One quick investing lesson from a mistake I made recently

Learn from my mistakes with Fortescue Metals Group Limited (ASX:FMG).

| More on:
a woman

You’re reading a free article with opinions that may differ from The Motley Fool’s Premium Investing Services. Become a Motley Fool member today to get instant access to our top analyst recommendations, in-depth research, investing resources, and more. Learn More

Legendary fund manager Peter Lynch said that investors often act as though they are losing money when a stock that they don't own soars. "I can't believe I didn't buy XYZ at $3, it's up 700%".  We've all done it.

Lynch says that then investors usually compound a costless error (not buying the stock) with a potentially high-cost error (going all-in on the stock after it's soared) and lose a lot of money. That is true, and is something you want to avoid. However, I also believe it is useful for investors to revisit why they didn't buy the stock – especially on the ones that skyrocket.

Sometimes, but not always, there's some sort of information or indicator that you didn't pay enough attention to, that could have tipped you to a possible winner.

Enter…Me

I made that error with Fortescue Metals Group Limited (ASX: FMG) about 18 months ago, when shares were at around $1.60 and the company issued bonds at double-digit interest rates. I thought the company was going down the toilet. I had this chart in the back of my mind, thinking that China's reduced demand for steel would see iron ore prices headed back to the bad old days:

Iron ore monthly prices over the past 20 years (source: IndexMundi and The Steel Index)

Iron ore prices fell to US$40 a tonne and I thought the floor was in the mid US$20s as this would make, at a guesstimate, half of the world's mines unprofitable. I figured Fortescue would wither away in mediocrity with minimal profits, paying 11% interest on its bonds, and struggle to pay its debt back by the due date. You know what happened next, and if you'd bought and held Fortescue shares at $1.60, you're now sitting on something like a 20% – yes, twenty percent – annual dividend (based on your purchase price) and a 300% share price rise.

Where I went wrong: 

There were 2 primary errors, and the 3rd and 4th error below were really just a product of the first ones.

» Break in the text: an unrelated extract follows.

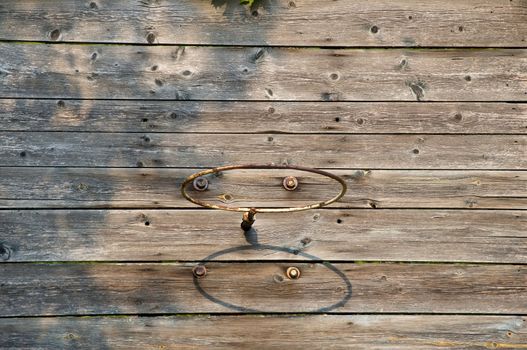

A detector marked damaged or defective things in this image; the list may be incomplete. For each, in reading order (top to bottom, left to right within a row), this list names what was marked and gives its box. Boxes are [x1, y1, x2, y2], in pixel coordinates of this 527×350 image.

rusty metal ring [182, 164, 346, 213]
corroded bolt [282, 175, 300, 191]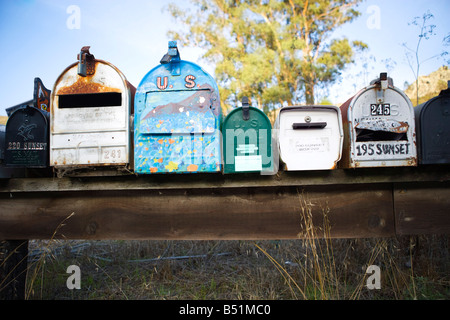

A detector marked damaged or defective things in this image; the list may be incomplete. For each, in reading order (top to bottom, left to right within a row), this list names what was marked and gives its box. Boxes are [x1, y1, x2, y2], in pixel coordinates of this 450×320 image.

  1. I closed my mind to the company. I believe that a low enough share price will make most companies a buy, but despite Fortescue's share price cratering I did not revisit my earlier thinking.
  2. I did not consider situations in which I could be wrong. The Chinese decision to spend on infrastructure and the subsequent Trump election, which promised spending on infrastructure, were two such occasions. Fortescue's corporate culture was another one; a colleague actually told me this at the time and I did not give much weight to the company's determination to cut costs.
  3. Because I had closed my mind to the company, I was not open-minded enough to consider that a small recovery in the iron ore price would lead to a big recovery in profits, and I already knew that Fortescue had some breathing space on its debt.
  4. Because I did not revisit my thinking, I did not value Fortescue to consider what might have happened if ore prices recovered. Had I done that, I might have realised that the company share price could multiply if prices recovered, and that Fortescue could have made for a small but interesting bet for part of my portfolio.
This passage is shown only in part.